WHAT NEEDS TO BE DONE> Examine each line of the listing below. Copy those in which the string "Park" appears.

PROVIDED INFORMATION>
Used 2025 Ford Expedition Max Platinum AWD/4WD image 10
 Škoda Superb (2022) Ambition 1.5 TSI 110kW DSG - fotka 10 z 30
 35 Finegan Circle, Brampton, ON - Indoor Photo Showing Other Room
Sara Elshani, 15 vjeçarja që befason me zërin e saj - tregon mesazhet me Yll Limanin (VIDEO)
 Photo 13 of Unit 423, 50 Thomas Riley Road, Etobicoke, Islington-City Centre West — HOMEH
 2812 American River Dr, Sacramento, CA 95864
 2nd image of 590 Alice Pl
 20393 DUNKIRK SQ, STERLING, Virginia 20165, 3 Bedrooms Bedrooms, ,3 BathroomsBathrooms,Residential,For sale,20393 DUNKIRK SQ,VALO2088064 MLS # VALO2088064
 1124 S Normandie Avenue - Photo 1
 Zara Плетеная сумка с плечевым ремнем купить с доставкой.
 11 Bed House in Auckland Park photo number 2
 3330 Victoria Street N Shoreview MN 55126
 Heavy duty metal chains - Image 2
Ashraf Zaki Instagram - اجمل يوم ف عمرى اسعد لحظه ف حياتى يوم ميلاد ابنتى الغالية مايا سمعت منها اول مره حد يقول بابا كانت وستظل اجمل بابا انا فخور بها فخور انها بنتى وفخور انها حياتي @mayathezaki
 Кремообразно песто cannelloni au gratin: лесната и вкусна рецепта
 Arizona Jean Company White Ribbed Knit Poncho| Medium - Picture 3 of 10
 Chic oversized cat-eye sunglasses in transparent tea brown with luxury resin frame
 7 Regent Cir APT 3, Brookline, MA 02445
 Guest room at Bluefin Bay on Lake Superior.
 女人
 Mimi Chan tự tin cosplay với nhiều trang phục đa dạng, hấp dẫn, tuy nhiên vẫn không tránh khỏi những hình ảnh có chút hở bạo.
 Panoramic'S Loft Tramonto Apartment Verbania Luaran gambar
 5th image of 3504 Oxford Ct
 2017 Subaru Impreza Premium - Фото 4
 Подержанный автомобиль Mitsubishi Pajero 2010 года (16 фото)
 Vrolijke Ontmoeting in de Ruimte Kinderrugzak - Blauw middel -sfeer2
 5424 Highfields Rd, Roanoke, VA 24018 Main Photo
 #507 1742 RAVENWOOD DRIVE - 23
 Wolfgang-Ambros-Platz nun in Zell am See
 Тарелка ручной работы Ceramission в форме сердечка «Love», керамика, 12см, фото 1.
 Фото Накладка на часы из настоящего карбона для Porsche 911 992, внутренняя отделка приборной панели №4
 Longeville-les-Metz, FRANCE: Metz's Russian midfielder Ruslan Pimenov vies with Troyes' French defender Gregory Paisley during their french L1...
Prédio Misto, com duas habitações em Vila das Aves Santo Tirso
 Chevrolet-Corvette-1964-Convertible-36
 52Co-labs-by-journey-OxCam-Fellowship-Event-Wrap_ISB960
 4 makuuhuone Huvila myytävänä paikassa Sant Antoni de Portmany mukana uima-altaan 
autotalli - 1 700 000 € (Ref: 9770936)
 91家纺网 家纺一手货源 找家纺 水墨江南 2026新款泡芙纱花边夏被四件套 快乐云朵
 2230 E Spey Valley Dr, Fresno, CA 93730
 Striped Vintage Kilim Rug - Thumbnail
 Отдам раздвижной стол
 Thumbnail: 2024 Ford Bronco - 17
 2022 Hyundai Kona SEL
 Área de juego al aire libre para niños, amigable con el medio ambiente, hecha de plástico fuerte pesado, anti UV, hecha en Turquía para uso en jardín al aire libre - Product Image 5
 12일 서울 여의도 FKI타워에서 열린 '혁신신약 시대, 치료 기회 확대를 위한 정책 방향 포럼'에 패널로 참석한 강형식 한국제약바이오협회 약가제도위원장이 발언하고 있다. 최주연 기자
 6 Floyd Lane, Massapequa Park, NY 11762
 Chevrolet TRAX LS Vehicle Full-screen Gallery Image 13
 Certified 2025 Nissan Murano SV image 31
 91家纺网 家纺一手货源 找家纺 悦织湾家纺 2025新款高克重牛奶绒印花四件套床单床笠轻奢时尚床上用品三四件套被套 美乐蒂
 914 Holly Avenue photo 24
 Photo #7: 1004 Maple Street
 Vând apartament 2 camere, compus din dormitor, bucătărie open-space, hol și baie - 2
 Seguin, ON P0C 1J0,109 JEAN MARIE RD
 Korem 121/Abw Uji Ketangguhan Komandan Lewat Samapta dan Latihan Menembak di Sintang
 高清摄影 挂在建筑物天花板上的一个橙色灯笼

SOLUTION>
 11 Bed House in Auckland Park photo number 2
 6 Floyd Lane, Massapequa Park, NY 11762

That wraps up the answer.